= Make-Up Artists & Hair Stylists Guild =

American labor union

The Make-Up Artists and Hair Stylists Guild is an American labor union representing make-up artists and hair stylists in feature films, television programs, commercials, live network events and theatrical productions in the United States.

==Awards==
The Local 706 chapter of the IATSE Union organizes annual Make-Up Artists & Hair Stylists Guild Awards. In 2016, the awards were divided into 19 different categories.
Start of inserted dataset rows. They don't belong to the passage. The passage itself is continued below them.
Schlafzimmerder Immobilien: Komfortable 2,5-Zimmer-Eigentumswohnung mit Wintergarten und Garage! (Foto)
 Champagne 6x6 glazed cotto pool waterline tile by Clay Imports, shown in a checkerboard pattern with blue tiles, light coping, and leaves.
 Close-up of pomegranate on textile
The union also gives Lifetime Achievement Awards to honour the outstanding achievements in the industry, as well as a special Distinguished Artisan Award given to an actor or a filmmaker for their creative contributions.

- Award categories

- Feature Motion Picture
  - Best Contemporary Make-Up
  - Best Contemporary Hair Styling
  - Best Period and/or Character Make-Up
  - Best Period and/or Character Hair Styling
  - Best Special Make-Up Effects

- Television and New Media Series
  - Best Contemporary Make-Up
  - Best Contemporary Hair Styling
  - Best Period and/or Character Make-Up
  - Best Period and/or Character Hair Styling
  - Best Special Make-Up Effects

- Motion Pictures Made for Television or Specials
  - Best Contemporary Make-Up
  - Best Contemporary Hair Styling
  - Best Period and/or Character Make-Up
  - Best Period and/or Character Hair Styling
  - Best Special Make-Up Effects

- Commercials and Music Videos
  - Best Make-Up
  - Best Hair Styling

- Theatrical Production
  - Best Make-Up
  - Best Hair Styling

- Children and Teen Programming
  - Best Make-Up
  - Best Hair Styling

- Daytime Television
  - Best Make-Up
  - Best Hair Styling

==Recognition==
The members of the union have been acknowledged by various honorary organizations dedicated to the arts, and have won numerous Academy Awards, Emmy Awards, BAFTAs, and Saturn Awards. The Make-Up Artists and Hair Stylists Guild was chartered in 1937. It is Local 706 of the International Alliance of Theatrical Stage Employees (IATSE).

Karen Westerfield was elected in 2022 as the first Asian-American and the first woman to be the business representative of the union. Business representative is the top job at the union.